To address defining an “at risk” population, we looked at multiple techniques to validate our approach, and varied how aggressive or conservative we were in defining who was at risk. To illustrate this, one simple approach we took was to look at the top of the list, which we defined as being the predicted 100 highest risk employees (“top 100”), and ask how right we were in identifying that group as likely to leave, compared to everyone else. This means that if you had a turnover rate of 10% (so you would expect 10 out of any sample of 100 employees to leave), yet 50 of the “top 100” left, then Visier would be 5x better. Here our predictions were up to 10x better, meaning all of the “top 100” Visier identified did indeed resign.
As a tougher test of our approach, we also compared everyone who actually left the organization directly against those who we had predicted would likely leave. So, if 500 people actually resigned, how did that 500 compare to who we predicted to leave? Did we identify the same 500 people? Predicting at 100% is impossible as the reasons that people leave an organization may include personal reasons not captured in any source of data for analysis, but on average Visier performed 3.5x better, and up to 8x better.
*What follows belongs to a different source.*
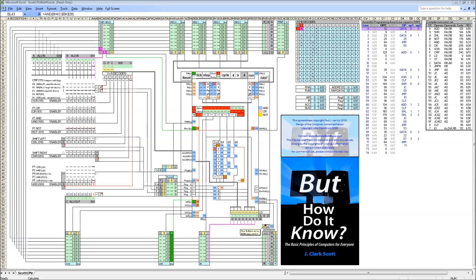Hello and welcome to the Excel demo of the Scott CPU. I will give a description of the Excel model in which an 8-bit computer is modeled through the book But How Do It Know by John Clark Scott.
Note, the size of the company’s annual resignation rate did not make a difference to our results — customers with high resignation rates had the same results as customers with low resignation rates. And, the longer we looked forward in time from the prediction, the better Visier’s predictive analytics performed.
Hold on? Shouldn’t predicting “at risk” employees actually make less of them leave?
Yes! That’s another tough part of measuring the effectiveness of predictive analytics — when you predict correctly and people take actions on the findings your results actually appear to be worse. Such is life!
HR’s critical role in predictive analytics
As I explained in my blog post about the Myths of Predictive Analytics, despite the hype, predictive analytics will not replace human intervention: they won’t tell you the one clear course of action to take, particularly when dealing with data that has feelings.
Predictive analytics is about more than who will leave, it is about why they are leaving — consider the Key Drivers chart below that shows the employee attributes (for the group of employees being considered) that most relate to resignations (on the right) and retention (on the left). In many ways, this sort of prediction is more valuable than naming individuals, as it allows HR to develop thoughtful, refined, long-term programs to reduce resignation rates by targeting root causes. One of our customers recently told us that — because this chart provided them with such clear insight into the factors driving resignation rates — they were able to self-identify the at risk employees.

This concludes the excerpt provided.